Texas Rangers
- Pitcher
- Born: September 24, 1997 (age 28) Glen Ridge, New Jersey, U.S.
- Bats: RightThrows: Right

MLB debut
- July 30, 2023, for the Chicago White Sox

MLB statistics (through 2024 season)
- Win–loss record: 3–5
- Earned run average: 4.98
- Strikeouts: 80
- Stats at Baseball Reference

Teams
- Chicago White Sox (2023); Miami Marlins (2024);

= Declan Cronin =

American baseball player (born 1997)

Declan Evans Cronin (born September 24, 1997) is an American professional baseball pitcher in the Texas Rangers organization. He has previously played in Major League Baseball (MLB) for the Chicago White Sox and Miami Marlins.

==Amateur career==
A native of Montclair, New Jersey, Cronin attended Regis High School, then played college baseball at Holy Cross where he graduated with a Bachelor of Arts in History in 2019. A letterman in each of his four years with the Crusaders, he pitched 177 2/3 innings over 54 appearances, with his 156 strikeouts the 10th-most in program history. Starting 10 of 15 games over 71 innings, his overall record during his senior year was 6-4 with a 4.06 earned run average (ERA) and 61 strikeouts. He also earned All-Patriot League first-team honors after going 5-1 over 46 2/3 innings with a 2.70 ERA which ranked second in conference play. He was the first Holy Cross Crusader to play in an MLB match since Mike Hegan and Mike Pazik in 1977.

In 2018, he played collegiate summer baseball with the Falmouth Commodores of the Cape Cod Baseball League.

==Professional career==
===Chicago White Sox===
Cronin was drafted by the Chicago White Sox in the 36th round, with the 1,070th overall selection, of the 2019 Major League Baseball draft. He spent his first professional season split between the rookie–level Arizona League White Sox and Single–A Kannapolis Intimidators, accumulating a 2.88 ERA across 20 contests.

Cronin did not play in a game in 2020 due to the cancellation of the minor league season because of the COVID-19 pandemic. He returned to action in 2021 with the High–A Winston-Salem Dash and Double–A Birmingham Barons. In 35 appearances out of the bullpen, Cronin registered a 5–2 record and 4.56 ERA with 43 strikeouts across 47 1/3 innings pitched.

Cronin split the 2022 season between Birmingham and the Triple–A Charlotte Knights, making 49 total appearances and logging a 3.71 ERA and 36 strikeouts and 2 saves across 51.0 innings of work. He began the 2023 season back with Charlotte, and recorded a 4.03 ERA in 44 2/3 innings.

On July 28, 2023, Cronin was selected to the 40-man roster and promoted to the major leagues for the first time. In 9 appearances for Chicago in his debut campaign, he allowed 11 runs on 11 hits and 7 walks with 8 strikeouts. On December 28, Cronin was designated for assignment.

===Miami Marlins===
On January 4, 2024, Cronin was claimed off waivers by the Houston Astros. He was designated for assignment on January 31, following the waiver claim of Trey Cabbage. He was then claimed by the Miami Marlins on February 7.

In 2024, Cronin made 56 appearances for the Marlins, recording a 4.35 ERA and 72 strikeouts in 70 1/3 innings. He pitched 65 innings before allowing his first home run, a Marlins franchise record and the most innings to start a season without surrendering a home run since 2014. At the conclusion of the 2024 campaign, he was named the Marlins Rookie of the Year by the BBWAA.

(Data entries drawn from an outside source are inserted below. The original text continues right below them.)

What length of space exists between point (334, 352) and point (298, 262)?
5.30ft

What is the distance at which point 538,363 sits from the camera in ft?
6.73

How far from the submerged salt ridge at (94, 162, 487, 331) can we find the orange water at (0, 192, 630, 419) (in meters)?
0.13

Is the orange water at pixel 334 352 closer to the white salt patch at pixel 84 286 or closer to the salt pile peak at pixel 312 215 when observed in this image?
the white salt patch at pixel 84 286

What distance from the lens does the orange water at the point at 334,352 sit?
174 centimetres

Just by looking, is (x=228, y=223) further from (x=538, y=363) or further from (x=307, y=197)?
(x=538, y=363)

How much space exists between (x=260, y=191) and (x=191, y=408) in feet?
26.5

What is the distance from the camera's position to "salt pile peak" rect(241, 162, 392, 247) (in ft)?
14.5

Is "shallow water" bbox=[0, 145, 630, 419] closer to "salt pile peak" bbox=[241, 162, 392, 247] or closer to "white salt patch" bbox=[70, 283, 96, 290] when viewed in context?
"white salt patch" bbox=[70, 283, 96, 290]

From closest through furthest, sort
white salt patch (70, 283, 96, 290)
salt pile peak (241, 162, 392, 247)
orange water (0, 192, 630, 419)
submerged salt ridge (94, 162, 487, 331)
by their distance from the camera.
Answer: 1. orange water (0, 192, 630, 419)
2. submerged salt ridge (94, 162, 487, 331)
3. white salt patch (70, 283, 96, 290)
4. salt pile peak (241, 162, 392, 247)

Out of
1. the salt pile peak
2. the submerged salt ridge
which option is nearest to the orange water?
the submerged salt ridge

Cronin began the 2025 MLB season on the Injured List with a left hip strain. Including rehab outings, he made 23 appearances in 2025, split between the Single-A Jupiter Hammerheads and Triple-A Jacksonville Jumbo Shrimp, accumulating a 1-0 record and 4.63 ERA with 23 strikeouts across 23 1/3 innings pitched. While on the 7-day Injured List with an undisclosed injury, Cronin was released by the Marlins on September 6, 2025.

On September 29, 2025, it was reported that Cronin underwent Tommy John surgery and would miss the 2026 season.

===Texas Rangers===
On October 7, 2025, Cronin signed a two-year, minor league contract with the Texas Rangers organization.

==Personal life==
Cronin has been the Assistant Director of Operations for Tread Athletics, a Charlotte, North Carolina-based baseball training facility whose clientele includes major-league players and prospects, since 2020.

His hobbies include playing chess. He was playing an online match when he was informed of his promotion to the White Sox.

On December 20th, 2025 he married Paige Monaghan, captain of the Utah Royals of the NWSL.